Predictions were for closing out the year at 5% inflation, but the war in Ukraine has challenged if that is at all possible. Inflation will likely stay high because of the war’s price impacts on fuel and the renewed supply chain issues, and China could be another issue fueling inflation should they step in to support Russia.

Materials prices will keep going up, and CFOs have the difficult task of figuring out what prices need to be in the face of increasing input costs. We all know that pricing is one of the most complex decisions to make in business and becomes even more challenging when consumers struggle during very high inflation.
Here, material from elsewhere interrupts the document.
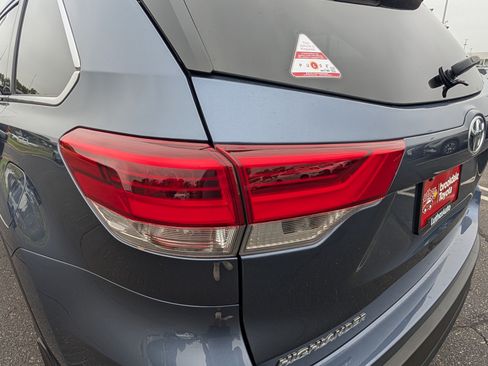 Used 2017 Toyota Highlander Plus AWD/4WD image 16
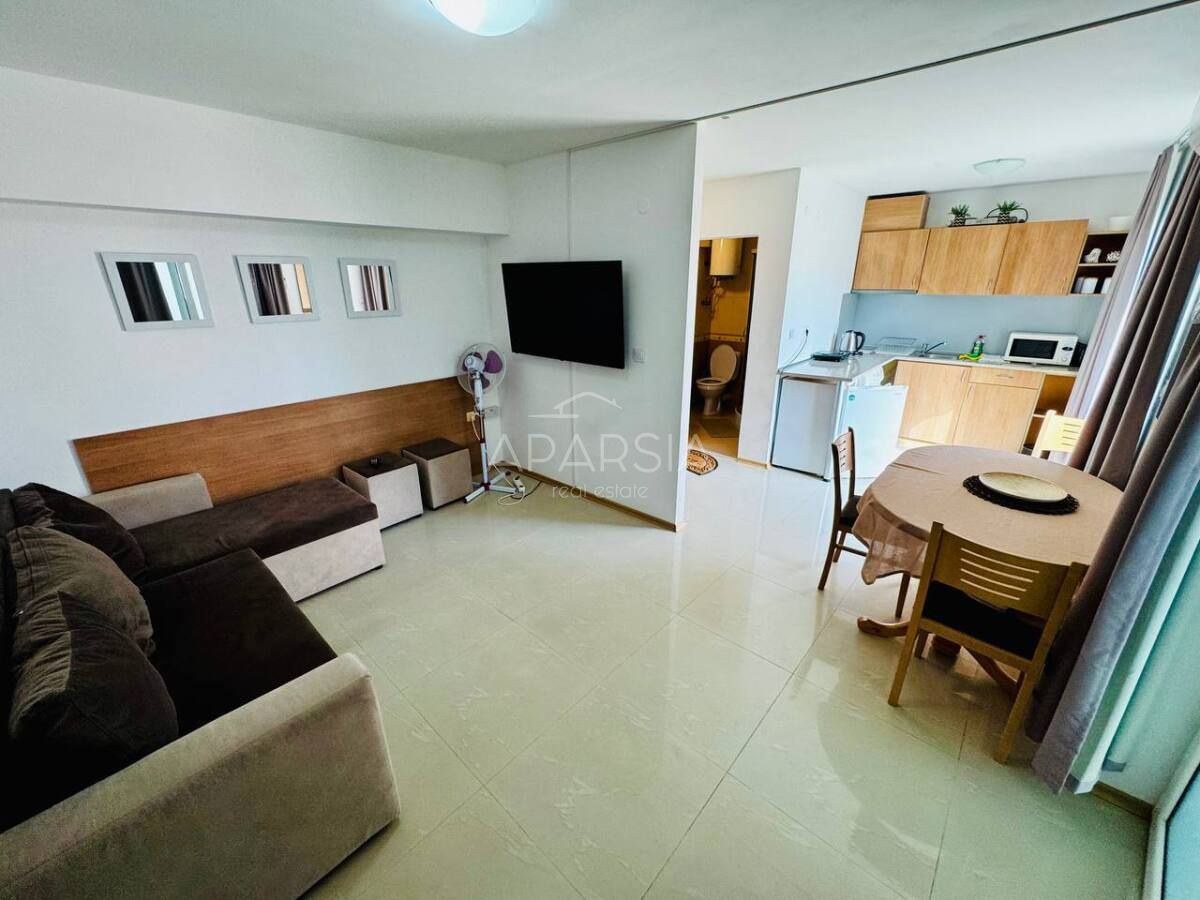 Apartmán v nejvyšším patře: 66 m², terasa a pláž 800 metrů 5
Labor Costs and Availability

The unemployment rate will fall below 3% for the first time since the 1950s. Add in the change in how labor is approaching the workplace and the dramatic increases in wages, and managing for labor costs is going to be difficult for some time ahead.

With the high number of job openings, more employees than ever resigning jobs, and the incredibly low unemployment rate, an explosion in wages will only continue, even more so than in the late 90s when the wage explosion was more limited to specific sectors. This time, it is across every sector. This wage rate explosion will also foster more inflation.

Borrowing Rates

With unemployment rates so low and inflation so high, the Fed has no choice but to increase rates faster. The quarter-point increase of March 2022 was the Fed putting a toe in the pool, but they will have to dive in. The subsequent two rate increases will be a half-point to cool the economy.

The most salient outcome of these increases for CFOs will be borrowing rates. Expect lines of credit to show some considerable interest rate jumps, so the cost of utilizing credit will take a bigger hit on the bottom line. EBITDA is in jeopardy from inflation increases, and post EBITDA will be under pressure from rates.

Recession Concerns

Inflation running hot, an unemployment rate below full employment and the need for more significant rate increases could mean the Fed needs to institute an 80’s style Reagan era recession to cool the economy. It’s telling that inflation is running as high as 1981’s rates. Will there be a Paul Volker-style induced recession and then the tremendous post-recession growth that came as Volker reduced rates? It’s possible.

Supply Chain and Cash Flow

While supply chains were working themselves out, the explosion of COVID-19 in China and the war in Ukraine have once again constrained them. China doesn’t just take precautions with COVID-19; they shut everything down. The fact that China has had almost no proliferation of COVID-19 due to past lockdowns means the entire country is at risk, potentially impacting supply chains throughout the year.

An inability to get materials or supplies constrains cash flow if projects can’t be completed on time. Add in the tremendous shortage of truck drivers, and getting product off the dock is an issue.

Fractional CFO like at Daaxit are planning on construction clients again struggling with increased building products prices and availability issues. Where this takes home prices and the new home market is a big question. Will we see slowed home buying despite a shortage of inventory? Slowed home-buying means other purchases start to slow as well.


There are some enormous challenges out there in 2022. Financial management won’t be easy this year, and CFOs will be the most crucial person in the organization. The one positive trend that has kept up despite everything is consumer spending, but consumer sentiment is falling quickly. It’ll be interesting to see if spending and sentiment disconnect.

May your 2022 be successful; hopefully, a few of these issues will resolve themselves more rapidly or won’t be as severe. No matter what, the CFO’s job this year isn’t just important; it’s crucial.